Local singer Dick Lee has a song about Singapore titled "Fried Rice Paradise," a parody on one of the Singaporeans' habitual tendencies—eating! And how true it is in this garden city! It offers a veritable melting pot of food choices for even the most discerning diner on almost any budget and around the clock. The wide variety of food stems from the multi-racial society that makes up the very fabric of Singapore.
When you come to Singapore, do what the locals do and eat what the locals eat—if you have the stomach for it, that is. The cheapest of meals available come from neighborhood coffee shops (an open-air floor space with tables and chairs where customers order from the stalls and wait to be served or take it with them) and hawker centers (large open spaces with built-in tables and chairs where customers give the stall operator their table numbers and their order is served).
The city's best coffee shops and hawker centers include Maxwell Road Food Centre (a popular hawker center known for cheap, tasty food), S-11 (a popular 24-hour coffee shop chain that serves adequately prepared food and is a hangout for art school types), Chin Chin (serves up excellent chicken rice as well as fresh Chinese dishes), and Newton Circus Food Centre.
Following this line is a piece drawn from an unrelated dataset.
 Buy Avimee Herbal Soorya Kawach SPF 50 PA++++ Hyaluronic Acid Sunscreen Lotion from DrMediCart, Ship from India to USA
Look for the hawker centers and coffee shops near the bus interchanges and train stations located near satellite towns as well. Tampines and Bedok are good places to start your gastronomic adventure.
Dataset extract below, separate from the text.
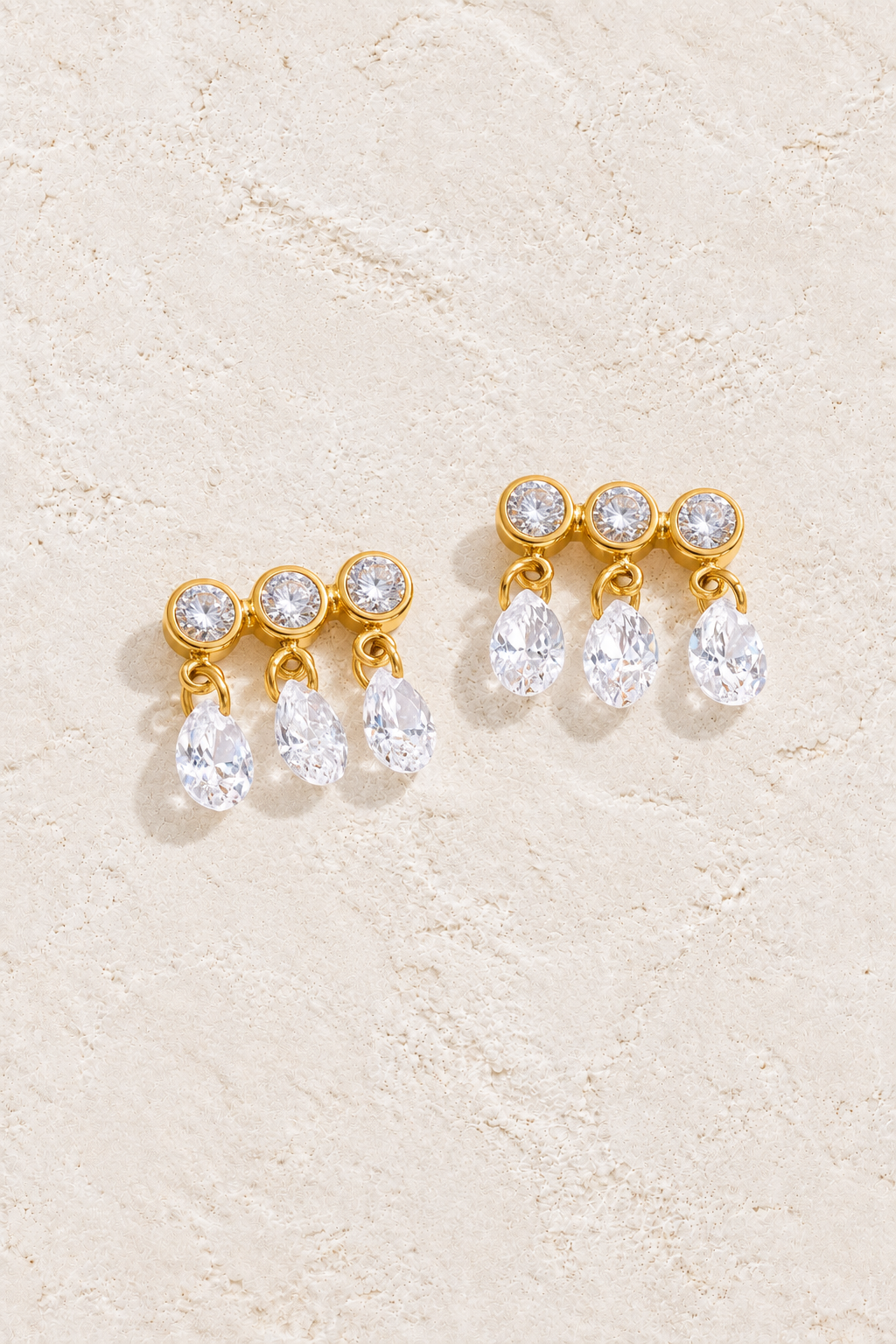 Gold Crystal Fringe Stud Earrings — hero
There are also air-conditioned food courts located in the basement of just about every shopping mall. These are usually pricier than coffee shops and hawker centers, but make up in comfort for what they lack in character. Scotts Picnic is a generic, standard-issue food court offering a mix of cuisines from all ethnic groups, while many of the eating options in Raffles City cater to the more sophisticated.
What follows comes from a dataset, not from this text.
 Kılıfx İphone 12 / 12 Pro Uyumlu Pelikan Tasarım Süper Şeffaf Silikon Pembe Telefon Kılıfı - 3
With a burgeoning expatriate community and a booming tourist industry, Singapore boasts a wide selection of European fare, cuisines from the rest of Asia, fusion food, and more. There's Sushi Tei, for instance, (where you pick the sushi off a revolving track in front of you), and almost all major hotels and shopping centers in Singapore will have at least one restaurant. The number of eating options is staggering, but a great place to start is at Chijmes, featuring a wide range of restaurants and cafes.
Better still, try something absolutely indigenous—let your menu be recommended by an herbalist, who will assess the balance of your yin and yang, at the Imperial Herbal.
Singapore's delectable home-grown specialty, chilli crab, should not be missed. Jumbo Seafood and Gold Coast Live Seafood are just two places amongst the many restaurants along the East Coast Parkway where you can savor a bowl. Alternatively, add some novelty to your evening and fish for your own dinner at the New Pasir Ris Fishing Pond.
Cafes & Teahouses
If you hanker for good coffee, Starbucks Coffee is a good bet, with outlets in many shopping malls. Another popular chain is Coffee Bean & Tea Leaf (try their world-famous, sweet ice-blends).
Time permitting, a visit to a Chinese teahouse is highly recommended. Watch the connoisseurs brew a pot right before your eyes—mind you, it is not as easy as dunking a tea bag in hot water—and relish the scents and flavor of Chinese tea, which is said to do wonders for one's health. The Tea Chapter stands out from the rest in terms of ambiance and service, bringing about an overall relaxing and gratifying experience.